─── MATERIAL FOR THIS TASK

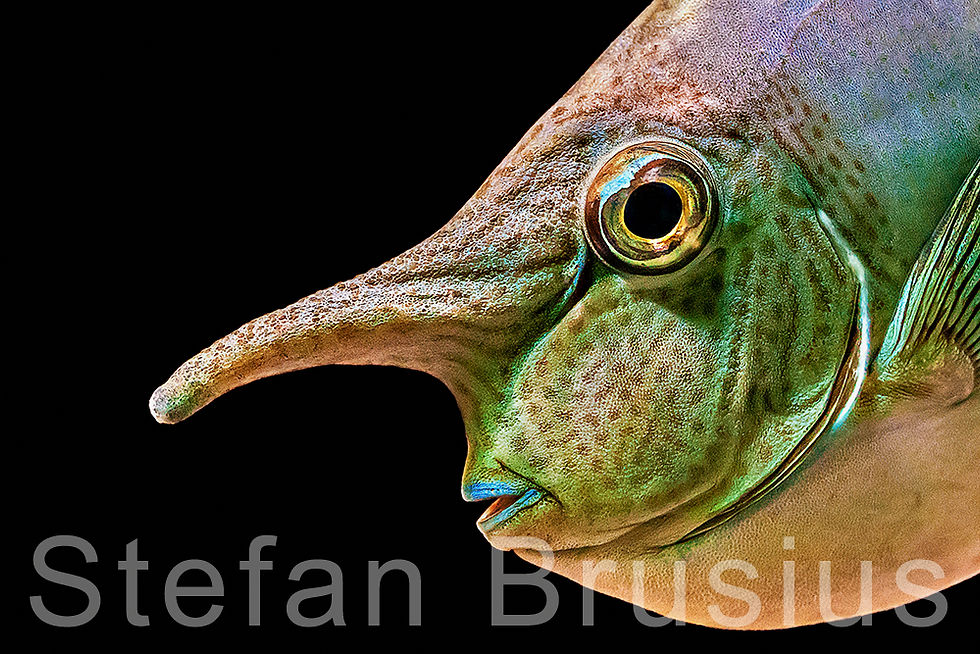 Nasendoktorfisch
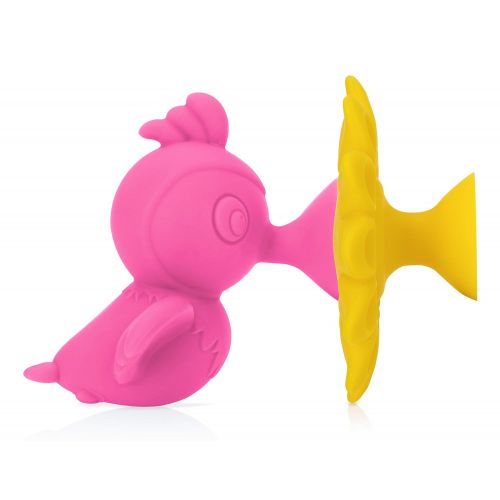  Nuby Silly Hummingbird & Flower Interactive Suction Toys with Built-in Rattle, 2Piece, Pink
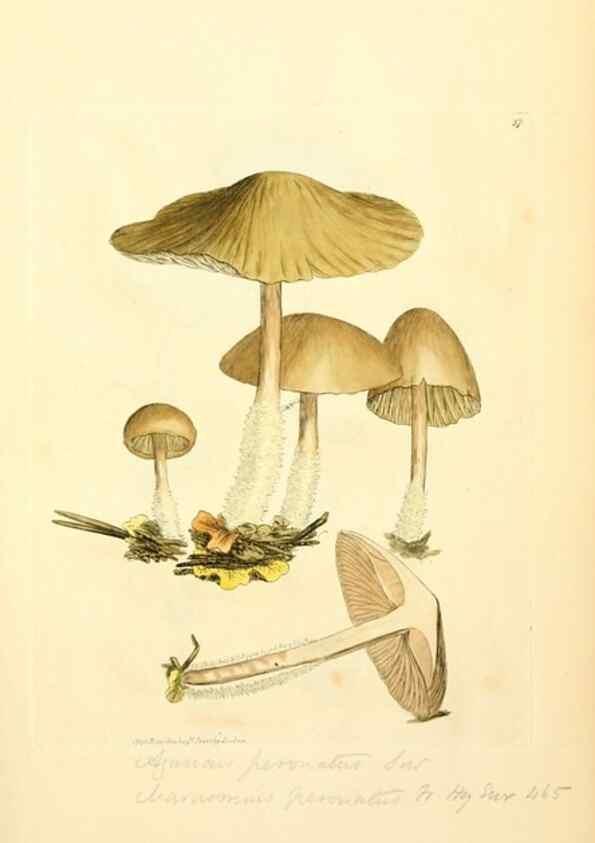 Reproducción/Reproduction 8230412600: Coloured figures of English fungi or mushrooms.. London,Printed by J. Davis,1797-[1809]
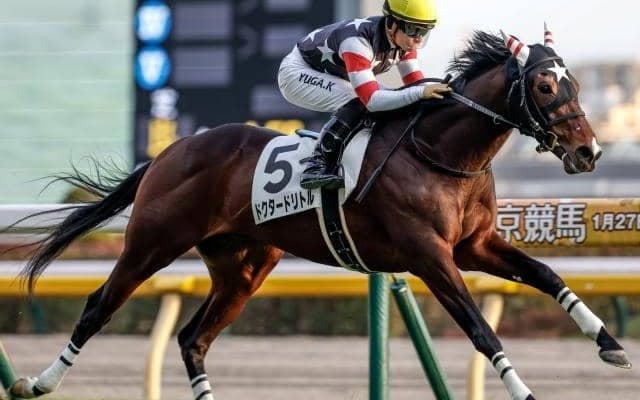 【福島記念予想】秋の福島開催の目玉重賞 ハンデ×フルゲートで一筋縄ではいかず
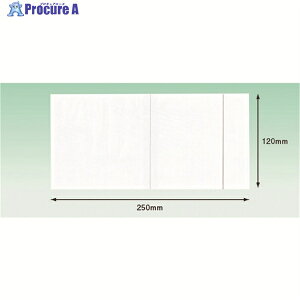 psX fo[pbN 4n^Cv PEXbg(4TCYp)120×250 100 Sʌ PA-053T 1pbN 215-8753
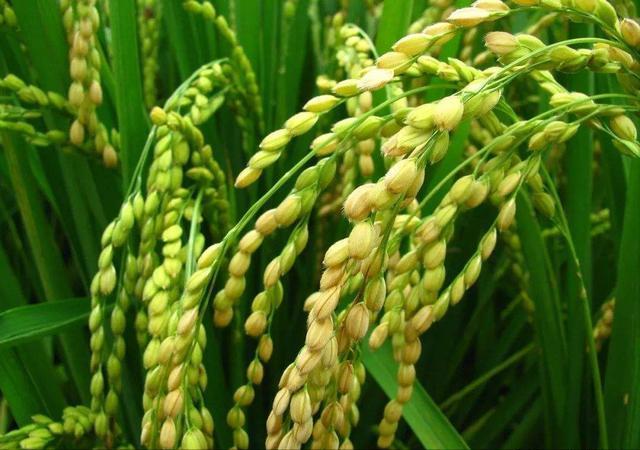 水稻后期管理需要加把劲，4项关键措施要做到位，才能确保高产7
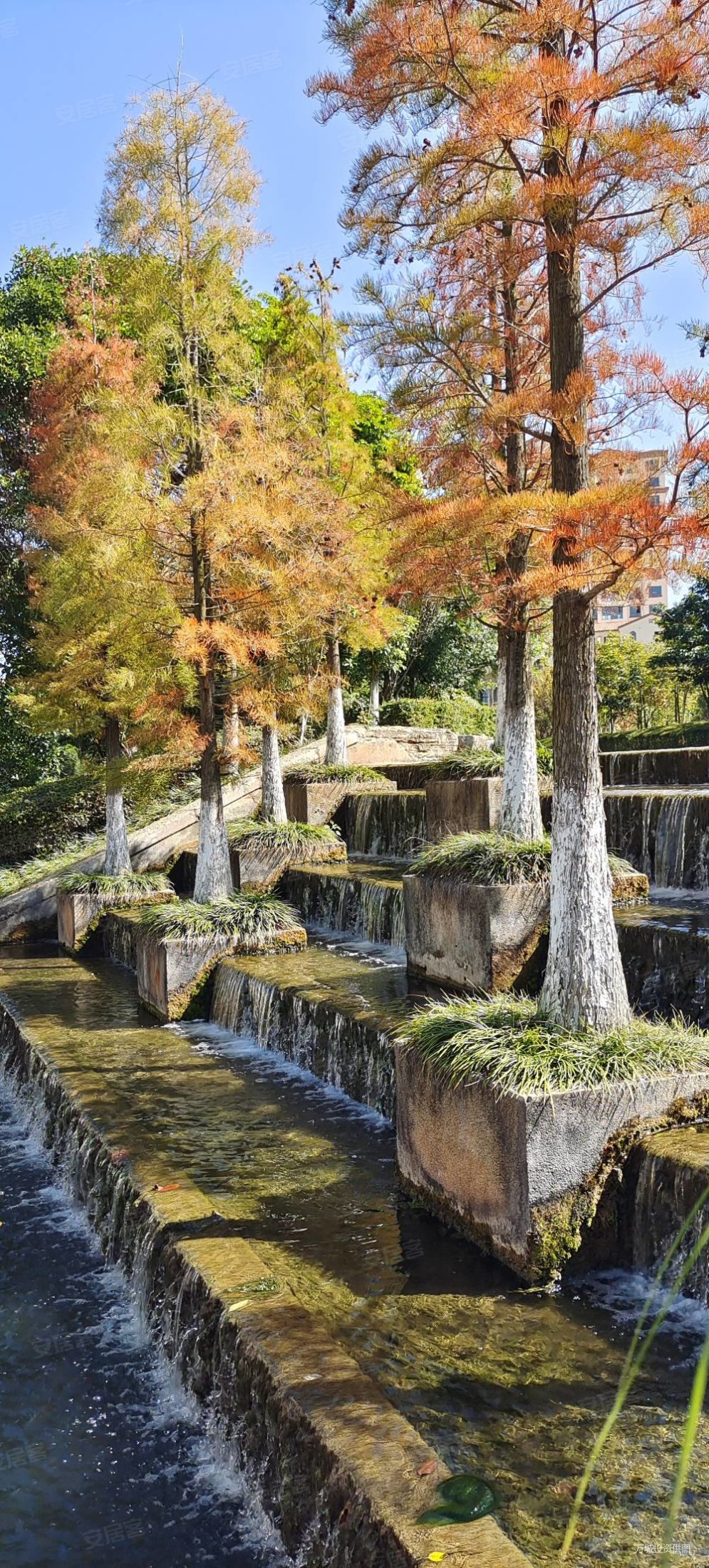 石林香醍溪岸图片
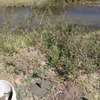 1 acre land kitengela thumb 3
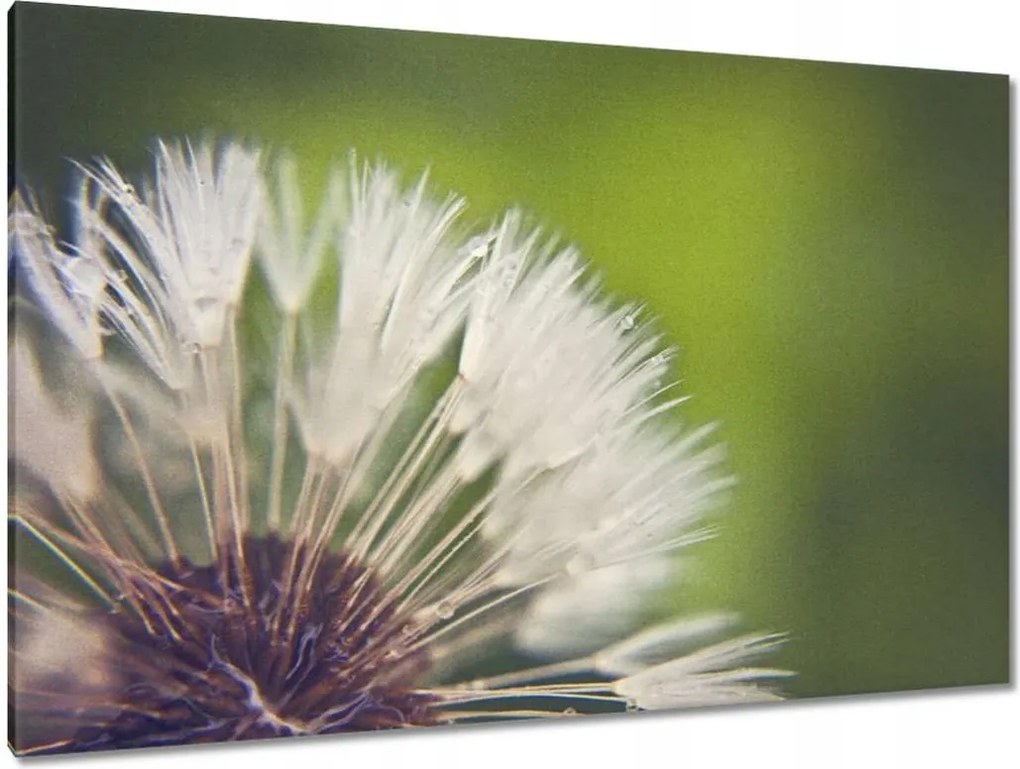 Vászonkép 120x80 Pitypang Virág Virágok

──────

▸ **AIM OF THE EXERCISE**
Only the lines from the one containing "Nuby Silly Hummingbird" through the last line of the data may appear in the answer, each given again exactly and with pictures left out.

▸ **EXERCISE RESPONSE**
  Nuby Silly Hummingbird & Flower Interactive Suction Toys with Built-in Rattle, 2Piece, Pink
 Reproducción/Reproduction 8230412600: Coloured figures of English fungi or mushrooms.. London,Printed by J. Davis,1797-[1809]
 【福島記念予想】秋の福島開催の目玉重賞 ハンデ×フルゲートで一筋縄ではいかず
 psX fo[pbN 4n^Cv PEXbg(4TCYp)120×250 100 Sʌ PA-053T 1pbN 215-8753
 水稻后期管理需要加把劲，4项关键措施要做到位，才能确保高产7
 石林香醍溪岸图片
 1 acre land kitengela thumb 3
 Vászonkép 120x80 Pitypang Virág Virágok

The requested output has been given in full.